Every time I had the chance to sit and stare into traffic from the unsettling proximity of some or another sidewalk cafe (“Do you guys want an ashtray?” “God I wish, lady.”) I found myself wanting to bring up the Great New York - LA debate. I believe it ranks up there with HOW SOON IS TOO SOON? (to do it) (it’s always too soon, ya’ll, so throw that line of thinking out the window) and OHMYGOD WE JUST GOT TO COLLEGE AND YOU ARE FROM THE MIDWEST AND CALL SODA POP YOU RETARD HAHA ARENT PEOPLE CRAZAY?! Those conversations you know are Things but you end up having them anyway. And, oh, do you have them.
“So what’s the verdict?” I think I asked Lindsay that no less than 5x. Each time squinting into the sun, forgetting my sunglasses were on my head. Each time swirling my straw in an iced coffee that I couldn’t help but chuckle, “NOW THAT’S A LOTTA COFFEE!” and then promptly drank it all.
“I dunno…,” we’d each say, growing more sincere every time we touched on it.
(And let it be known are never ones to withold an opinion! if we say we don’t know, well, goddammit, we don’t.)
Los Angeles seems to be a place where you can have your own life. A life the way maybe I thought a life was before I moved to New York and was inundated with the idea that there are always Things You Are Supposed to Be Doing and Places You Should Be Doing Them— whether you ignore them or subvert them or blow them out of the fucking water is up to you— all with signifiers and connotations, of course, and always coupled with the idea that you are either actively rebelling or conforming and then the personal evaluation running atop all of this (which is, of course, parallel to everyone else’s evaluation of Your Life Choices.
And maybe this is just what it is to visit somewhere else, to be in the middle of a certain moment in your life, where you are living with the burden of your own freedom and you have that goddamn Joan Didion essay practically memorized and maybe today you trust your own decision-making ability and maybe tomorrow you don’t.

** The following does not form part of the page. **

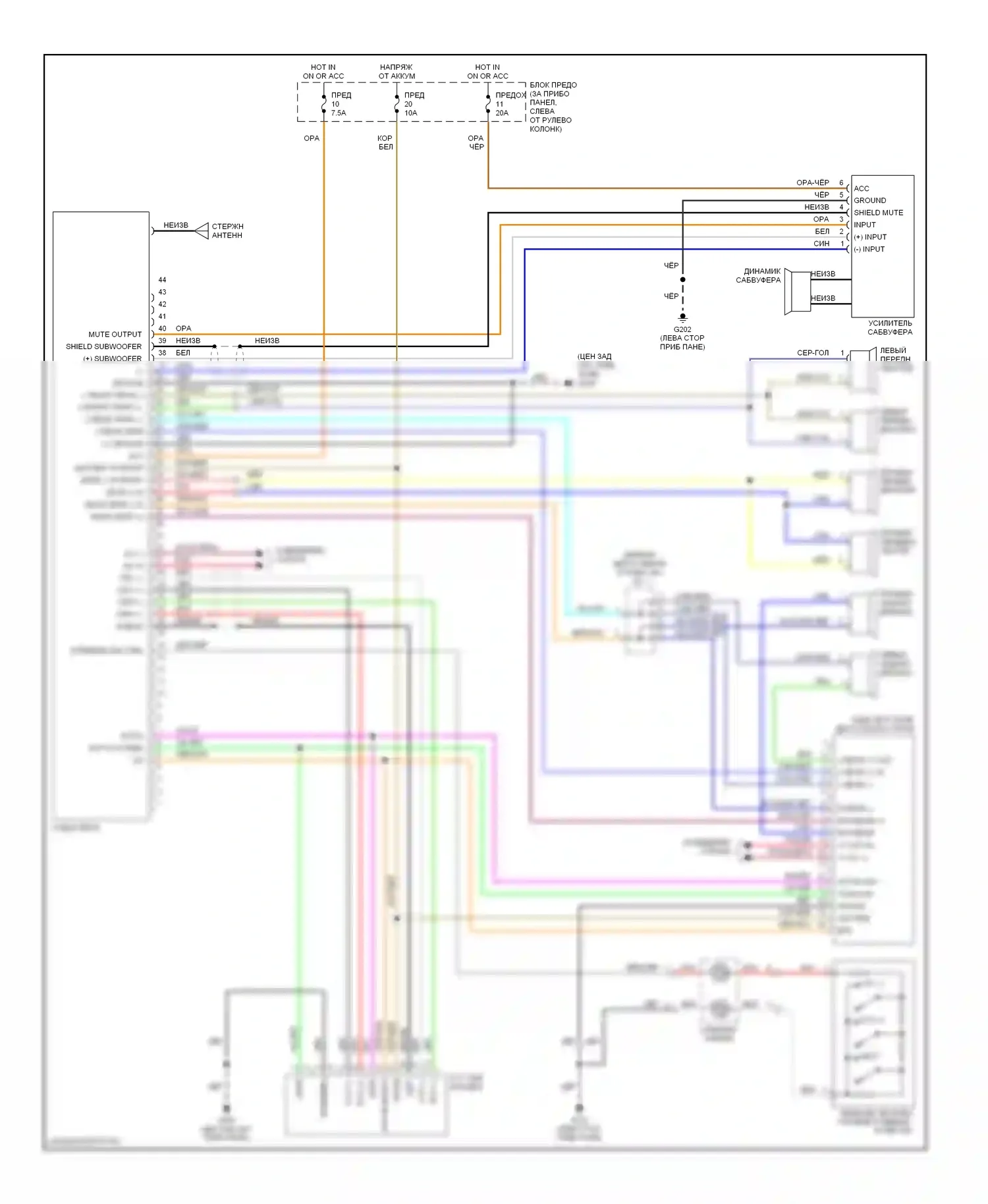 Quest Nissan II (1999-2002): Магнитола- электросхемы, премиум- магнитола 
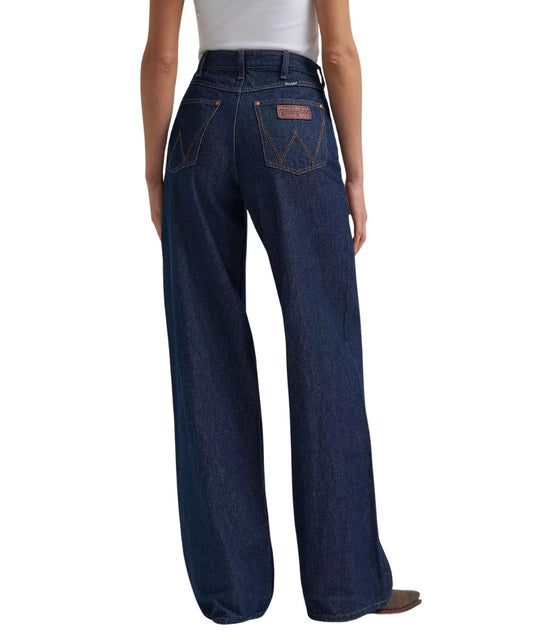 Back view of the women's super high rise wide leg jean featuring the dark wash and logo stitched back pockets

What I mean to say is, they are so far beyond compare, which motherfucker, makes it even harder. It doesn’t feel like somewhere that would be My City I say. No one is in New York defending why they don’t live in LA, but here, it seems, everyone has a reason or two explaining why they aren’t on the East Coast, or a story about their time there, and how exhausting it was or how cold it got.
Maybe all I can say is: It is fun to drive in a car late at night and share profundities with someone over the car radio. To look up and find the mountains every time, unexpectedly; they are always there.